# ABOUT THIS EXERCISE
Your task is to transcribe exactly, and only, the lines running from the one with "LE GRIFFON 10,50€" to the end of the listing below, inclusive, with every picture left out.

━━━━━ GIVEN RECORDS ━━━━━

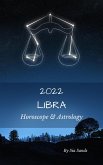Libra Horoscope & Astrology 2022 (Astrology & Horoscopes 2022, #7) (eBook, ePUB)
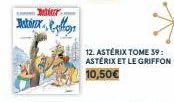 Betreff  12. ASTÉRIX TOME 39: ASTÉRIX ET LE GRIFFON 10,50€ 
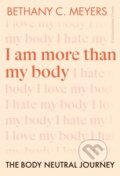 Kniha: I Am More Than My Body (Bethany C. Meyers). Cornerstone, 2023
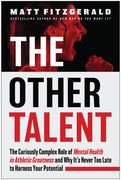 The Other Talent: The Curiously Complex Role of Mental Health in Athletic Greatness and Why It's Never Too Late to Harness Your Potentia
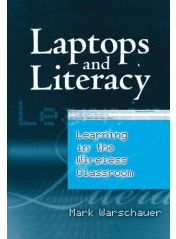 Mark Warschauer's latest book, Laptops and Literacy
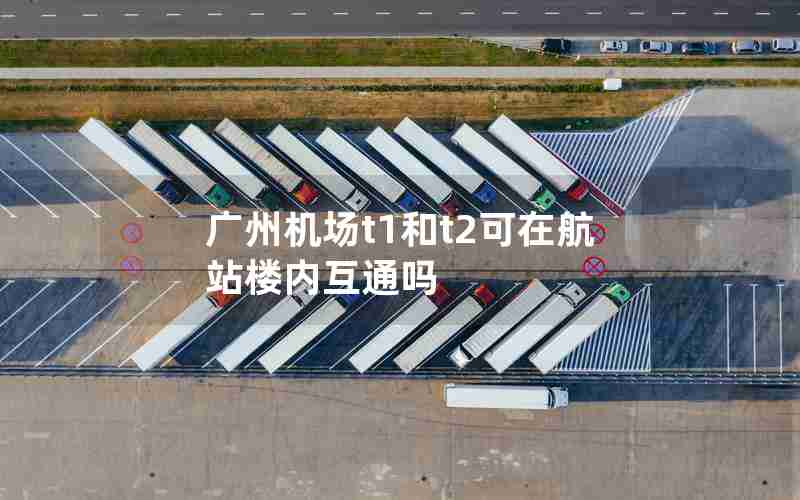 广州机场t1和t2可在航站楼内互通吗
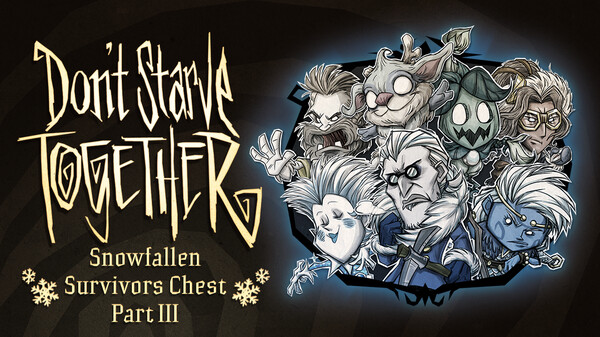 Don't Starve Together: Snowfallen Survivors Chest, Part III for steam Don't Starve Together: Snowfallen Survivors Chest, Part III for steam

━━━━━

# RESPONSE BOX
 Betreff  12. ASTÉRIX TOME 39: ASTÉRIX ET LE GRIFFON 10,50€ 
 Kniha: I Am More Than My Body (Bethany C. Meyers). Cornerstone, 2023
 The Other Talent: The Curiously Complex Role of Mental Health in Athletic Greatness and Why It's Never Too Late to Harness Your Potentia
 Mark Warschauer's latest book, Laptops and Literacy
 广州机场t1和t2可在航站楼内互通吗
 Don't Starve Together: Snowfallen Survivors Chest, Part III for steam Don't Starve Together: Snowfallen Survivors Chest, Part III for steam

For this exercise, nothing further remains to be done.